Define the input and output shapes

input_shape = (batch_number,) + tuple(engine.get_tensor_shape(engine.get_tensor_name(0)))[1:]
output_shape = (batch_number,) + tuple(engine.get_tensor_shape(engine.get_tensor_name(1)))[1:]

Initialize CUDA

cuda.cuInit(0)

Calculate byte sizes for input and output

Input_Byte_Size = int(np.prod(input_shape) * np.float32().itemsize)
Output_Byte_Size = int(np.prod(output_shape) * np.float32().itemsize)

Allocate device memory for inputs and outputs

err_di, d_input = cuda.cuMemAlloc(Input_Byte_Size)
err_do, d_output = cuda.cuMemAlloc(Output_Byte_Size)

Create page-locked memory buffers (numpy arrays) to hold host inputs/outputs

h_input = np.random.random(input_shape).astype(np.float32)
h_output = np.empty(output_shape, dtype=np.float32)

Create a CUDA stream

err_stream, stream = cuda.cuStreamCreate(0)

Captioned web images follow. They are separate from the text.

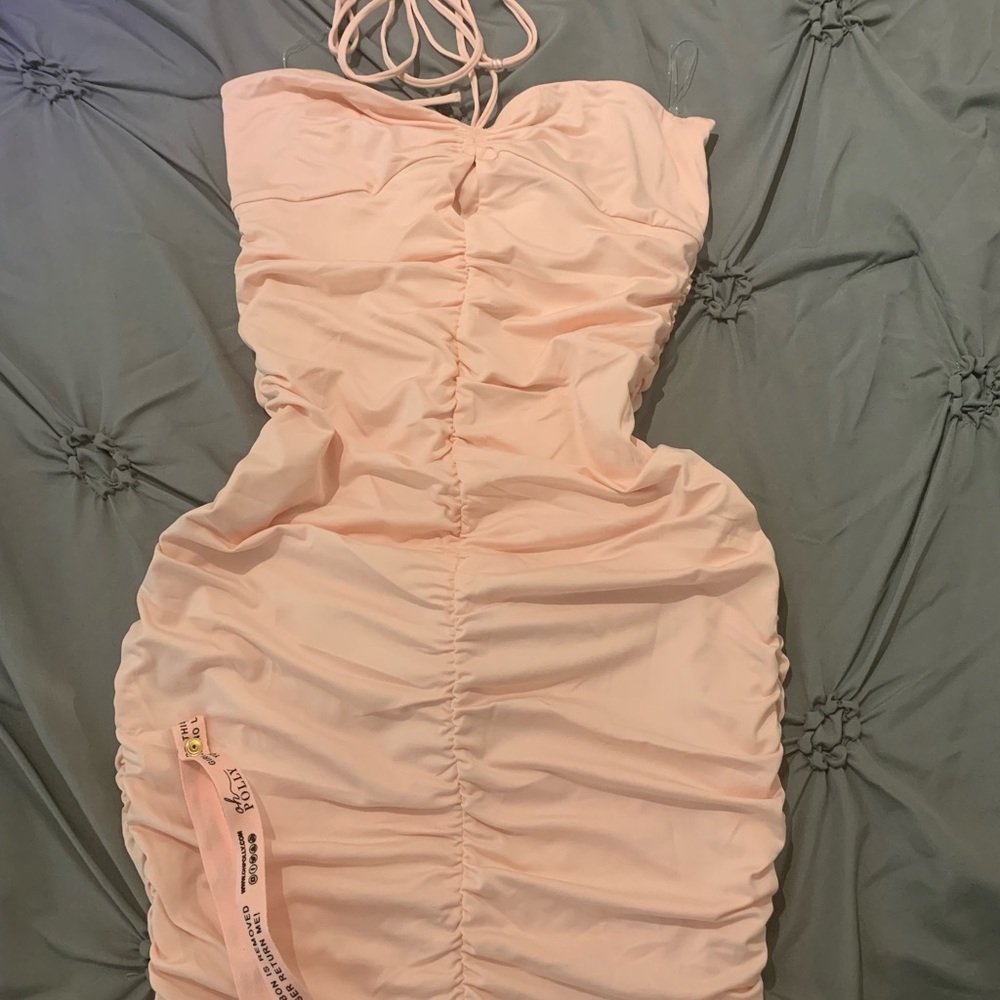 3 OH POLLY DRESSES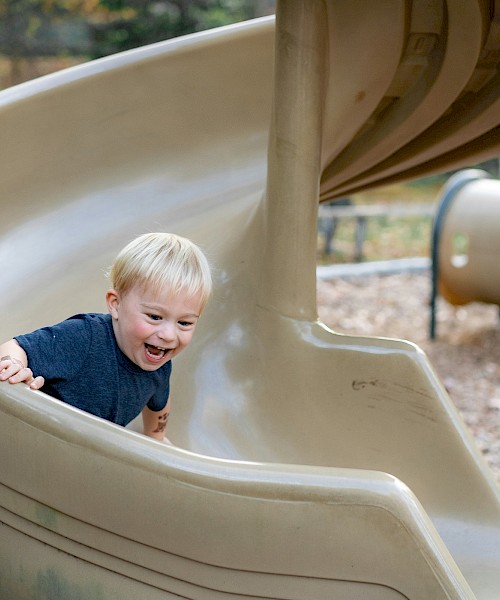 Jeff Jurecki Memorial Playground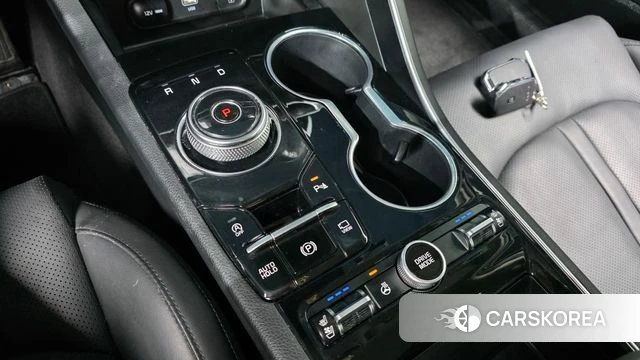Kia K5 3rd generation id 4635800 из Кореи 31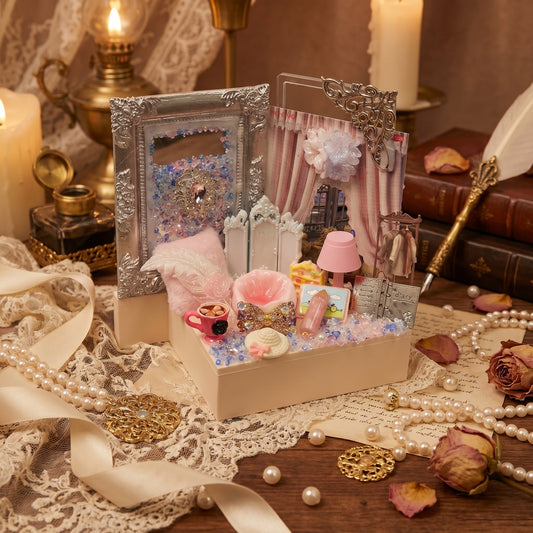 Slumber Party - Live Mix-(miki)supermix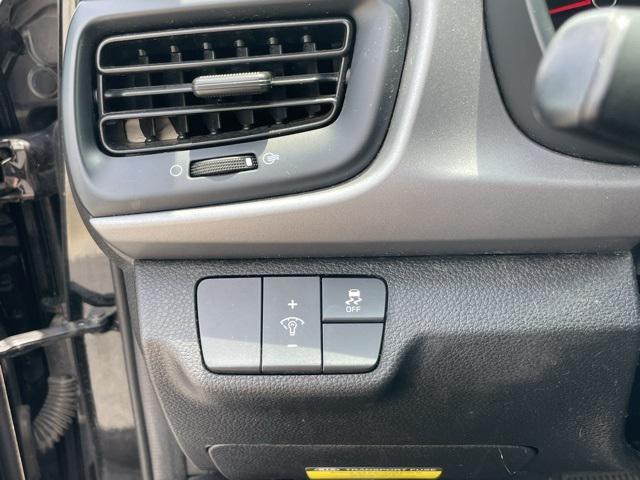 used 2020 Kia Rio car, priced at $13,750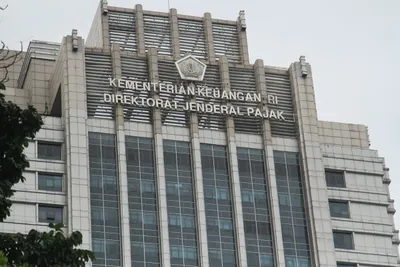 Jaga Konsistensi Penerimaan Pajak, Ini Strategi DJP Di Tahun 2023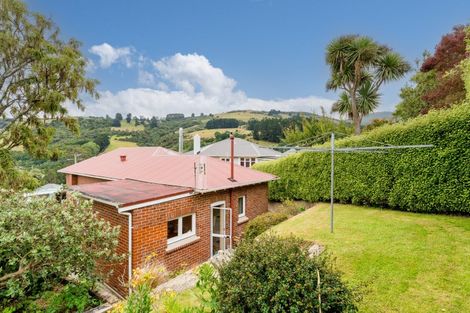 Photo of property in 124 Rolla Street, Normanby, Dunedin, 9010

Get tensor names and set input shape

input_tensor_name = engine.get_tensor_name(0) # Input tensor
output_tensor_name = engine.get_tensor_name(1) # Output tensor
context.set_input_shape(input_tensor_name, input_shape) # Use your input_shape

assert context.all_binding_shapes_specified

Set tensor addresses for input and output

context.set_tensor_address(input_tensor_name, int(d_input))
context.set_tensor_address(output_tensor_name, int(d_output))

Generate input data

input_data = np.random.rand(*input_shape).astype(np.float32)

start_timing = time.perf_counter_ns()

Transfer input data to device asynchronously

cuda.cuMemcpyHtoDAsync(d_input, input_data.ctypes.data, Input_Byte_Size, stream)

Execute the inference asynchronously

context.execute_async_v3(stream_handle=stream)

Transfer predictions back from the GPU asynchronously

cuda.cuMemcpyDtoHAsync(h_output.ctypes.data, d_output, Output_Byte_Size, stream)

Synchronize the stream to ensure all operations are completed

cuda.cuStreamSynchronize(stream)

end_timing = time.perf_counter_ns()
response_latency = round(float((end_timing - start_timing) / 10**6), 1) # Express latency in milliseconds

Print the output

print(“Inference output:”, h_output)
print(f"Response latency: {response_latency} ms")

Hi @haidongzhao98 ,
Yes, this is expected. In the initial run, there are some data copy from host to device at first time and cuda graph(if enabled) only works after the first catching.
I dont think this can be bypassed.
Thanks

This topic was automatically closed 14 days after the last reply. New replies are no longer allowed.